Spectrum Auction

fcc auction

A spectrum auction is a process whereby a government uses an auction system to sell the rights (licences) to transmit signals over specific bands of the electromagnetic spectrum and to assign scarce spectrum resources. Depending on the specific auction format used, a spectrum auction can last from a single day to several months from the opening bid to the final winning bid.

With a well-designed auction, resources are allocated efficiently to the parties that value them the most, the government securing revenue in the process. Spectrum auctions are a step toward market-based spectrum management, and are a way for governments to allocate scarce resources. Alternatives to auctions include administrative licensing, such as the comparative hearings conducted historically (sometimes referred to as ‘beauty contests’), or lotteries.
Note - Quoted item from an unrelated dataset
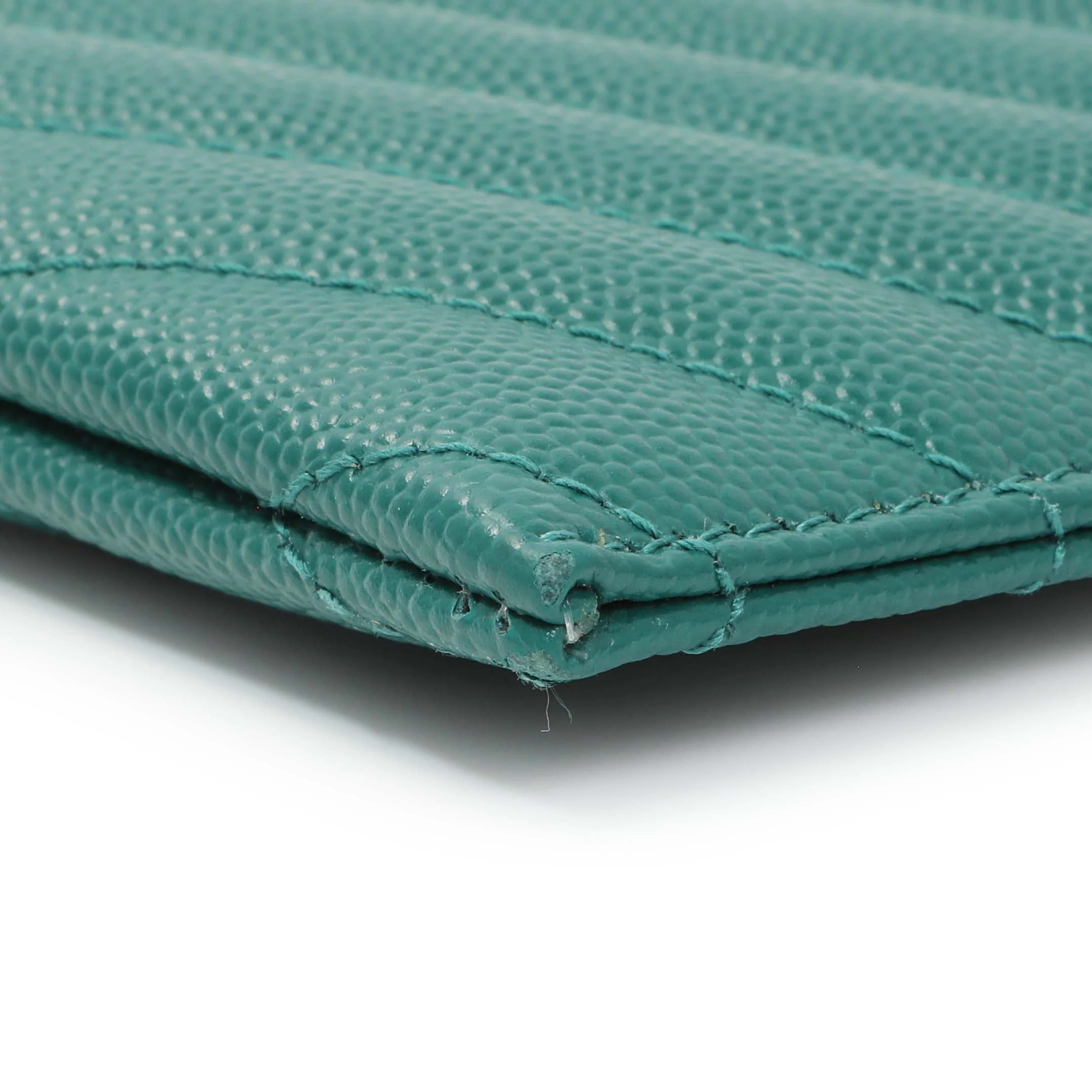 Saint Laurent Teal Grain De Poudre Chevron Monogram Bill Pouch - Image 5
In past decade, telecommunications has turned into a highly competitive industry where companies are competing to buy valuable spectrum. This competition has been triggered by technological advancements, privatization, and liberalization. Mobile communication in particular has made many transitions since 2000, moving from second generation (2G), to third generation (3G), to fourth generation (4G) technology. However, the transition to fourth generation and what is truly considered ‘4G’ has been a hot topic in the telecommunications because mobile companies use different technology for 4G. Some mobile networks use WiMAX (Worldwide Interoperability for Microwave Access) and other networks use LTE or Long Term Evolution.
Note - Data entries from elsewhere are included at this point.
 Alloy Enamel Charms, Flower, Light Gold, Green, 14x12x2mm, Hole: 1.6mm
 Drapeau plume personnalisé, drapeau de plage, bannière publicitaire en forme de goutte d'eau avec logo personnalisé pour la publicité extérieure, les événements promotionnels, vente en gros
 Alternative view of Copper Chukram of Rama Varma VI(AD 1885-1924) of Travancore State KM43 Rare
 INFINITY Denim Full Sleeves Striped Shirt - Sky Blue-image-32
With more providers in the mobile industry, the competition during spectrum auctions has increased due to more demand from consumers. When the United States made the transition in 2009 from analog to digital broadcast television signals, the valuable 700 MHz spectrum became available because it was no longer being used by analog TV signals. In 2007, search giant, Google announced that they would be entering the mobile business with their highly popular Android operating system and plans for a mobile broadband system. Google said that they planned to bid for the ‘C’ block of the spectrum auction which correspond to channels 54,55,and 59 of the lower 700 MHz spectrum and channels 60,61,65,and 66 of the upper spectrum 700 MHz which are normally used to construct nationwide broadband services. Around the time of Google’s announcement, AT&T and Verizon also announced plans to enter the spectrum auction in order to purchase ‘C’ block spectrum to launch their U-verse and FiOs broadband services.
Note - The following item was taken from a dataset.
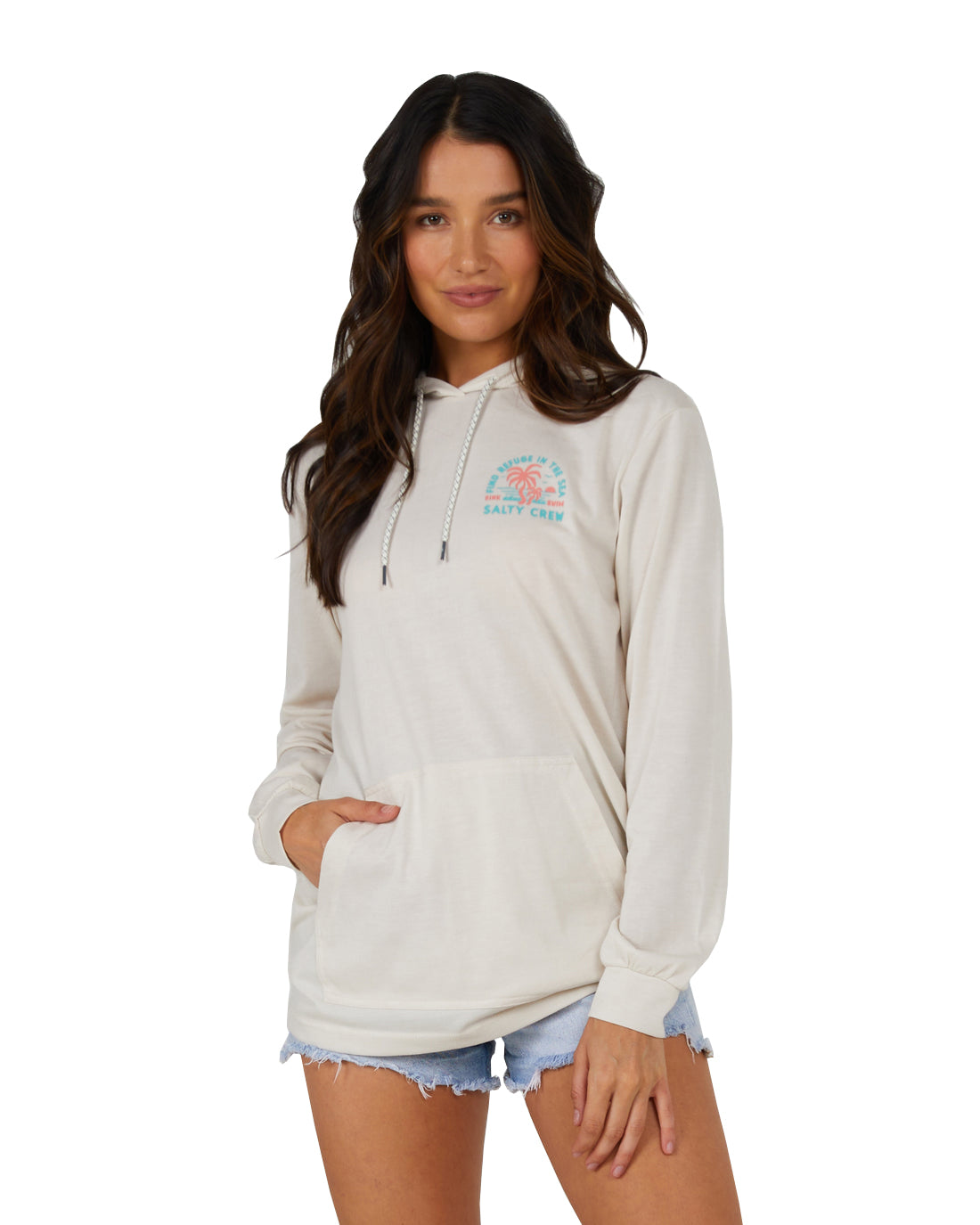 Salty Crew Good Times Hooded Tech Tee VintageWhite M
Despite the apparent success of spectrum auctions, an important disadvantage limiting both efficiency and revenues is demand reduction and collusive bidding. The information and flexibility in the process of auction can be used to reduce auction prices by tacit collusion. When bidder competition is weak and one bidder holds an apparent advantage to win the auction for specific licenses, other bidders will often choose not to the bid for higher prices, hence reducing the final revenue generated by the auction. In this case, the auction is best thought of as a negotiation among the bidders, who agree on who should win the auction for each discrete bit of spectrum.

In order to prevent network congestion, FCC chairman Julius Genachowski is looking for companies who will voluntarily surrender their unused spectrum in exchange for a share of the money made from the spectrum auction. With the growing demands for wireless services, the Obama Administration approved a plan, called the National Broadband Plan of making 500 MHz of spectrum, below 3 GHz, available over the next 10 years. The majority of the spectrum being examined by the FCC are federally owned or federally shared bands. In addition, regulators and carriers have been considering blocks of the 300 MHz spectrum which is normally used for television broadcasters. If a company agrees to volunteer their spectrum, the FCC will ask for 120 MHz of it. Also, the FCC has been thinking about spectrum sharing which would allow wireless ISPs to purchase DTV licenses In 2011, Clearwire agreed to sell off its unused spectrum in order to raise money for company spectrum and to seemingly allow other companies to pick up on some unused space.